--- EXERCISE DIRECTIONS ---
The lines to find are those in the entries that hold the word "Princess"; copy every one of them.

--- INPUT DATA ---
Start of Block
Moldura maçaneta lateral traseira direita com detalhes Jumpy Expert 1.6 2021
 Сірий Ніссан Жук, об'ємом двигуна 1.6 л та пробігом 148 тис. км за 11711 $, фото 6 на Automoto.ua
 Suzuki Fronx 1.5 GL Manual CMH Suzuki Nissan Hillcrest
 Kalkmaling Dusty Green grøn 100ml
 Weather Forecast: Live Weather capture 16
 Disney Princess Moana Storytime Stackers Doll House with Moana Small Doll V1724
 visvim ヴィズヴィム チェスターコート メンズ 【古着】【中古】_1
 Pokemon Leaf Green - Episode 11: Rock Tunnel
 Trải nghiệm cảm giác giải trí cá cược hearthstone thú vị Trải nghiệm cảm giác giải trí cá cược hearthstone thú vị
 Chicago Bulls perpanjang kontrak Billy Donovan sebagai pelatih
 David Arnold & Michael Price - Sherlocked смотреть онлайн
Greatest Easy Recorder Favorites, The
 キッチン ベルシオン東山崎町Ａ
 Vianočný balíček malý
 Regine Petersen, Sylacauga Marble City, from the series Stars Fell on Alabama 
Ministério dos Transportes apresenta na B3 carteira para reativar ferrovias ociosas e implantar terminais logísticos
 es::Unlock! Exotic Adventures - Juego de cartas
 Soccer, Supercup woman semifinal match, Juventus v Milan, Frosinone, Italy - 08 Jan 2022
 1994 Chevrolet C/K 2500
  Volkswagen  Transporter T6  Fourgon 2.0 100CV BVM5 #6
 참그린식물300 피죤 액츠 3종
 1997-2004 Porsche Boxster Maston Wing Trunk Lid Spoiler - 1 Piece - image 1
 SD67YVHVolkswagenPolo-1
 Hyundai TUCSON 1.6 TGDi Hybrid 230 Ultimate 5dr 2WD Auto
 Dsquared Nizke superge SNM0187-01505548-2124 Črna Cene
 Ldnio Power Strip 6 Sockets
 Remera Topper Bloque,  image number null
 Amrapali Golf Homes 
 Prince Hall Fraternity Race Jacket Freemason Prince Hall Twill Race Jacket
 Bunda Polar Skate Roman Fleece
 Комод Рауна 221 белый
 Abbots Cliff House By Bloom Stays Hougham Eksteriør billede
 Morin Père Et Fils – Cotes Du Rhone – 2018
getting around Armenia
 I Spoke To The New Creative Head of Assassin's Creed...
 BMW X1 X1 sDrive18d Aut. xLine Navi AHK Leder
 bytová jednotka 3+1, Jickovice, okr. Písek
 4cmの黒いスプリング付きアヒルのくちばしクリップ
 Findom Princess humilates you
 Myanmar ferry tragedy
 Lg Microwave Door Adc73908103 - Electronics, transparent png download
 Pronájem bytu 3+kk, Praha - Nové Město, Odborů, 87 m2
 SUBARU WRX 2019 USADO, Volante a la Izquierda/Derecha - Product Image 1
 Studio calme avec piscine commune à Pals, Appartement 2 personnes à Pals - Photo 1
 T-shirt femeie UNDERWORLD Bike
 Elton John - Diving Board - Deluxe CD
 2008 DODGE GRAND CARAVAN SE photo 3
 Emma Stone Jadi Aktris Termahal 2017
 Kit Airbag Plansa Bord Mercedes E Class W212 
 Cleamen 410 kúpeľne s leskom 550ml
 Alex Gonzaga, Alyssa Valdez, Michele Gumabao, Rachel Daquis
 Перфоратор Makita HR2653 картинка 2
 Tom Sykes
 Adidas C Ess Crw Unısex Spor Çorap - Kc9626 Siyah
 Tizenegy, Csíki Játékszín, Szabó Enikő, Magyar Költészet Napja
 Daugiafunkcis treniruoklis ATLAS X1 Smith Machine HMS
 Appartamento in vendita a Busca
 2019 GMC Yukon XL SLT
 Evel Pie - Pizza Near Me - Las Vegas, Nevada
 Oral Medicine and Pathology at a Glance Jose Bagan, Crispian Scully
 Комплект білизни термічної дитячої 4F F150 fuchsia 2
End of Block
--- SOLUTION TO THE EXERCISE ---
 Disney Princess Moana Storytime Stackers Doll House with Moana Small Doll V1724
 Findom Princess humilates you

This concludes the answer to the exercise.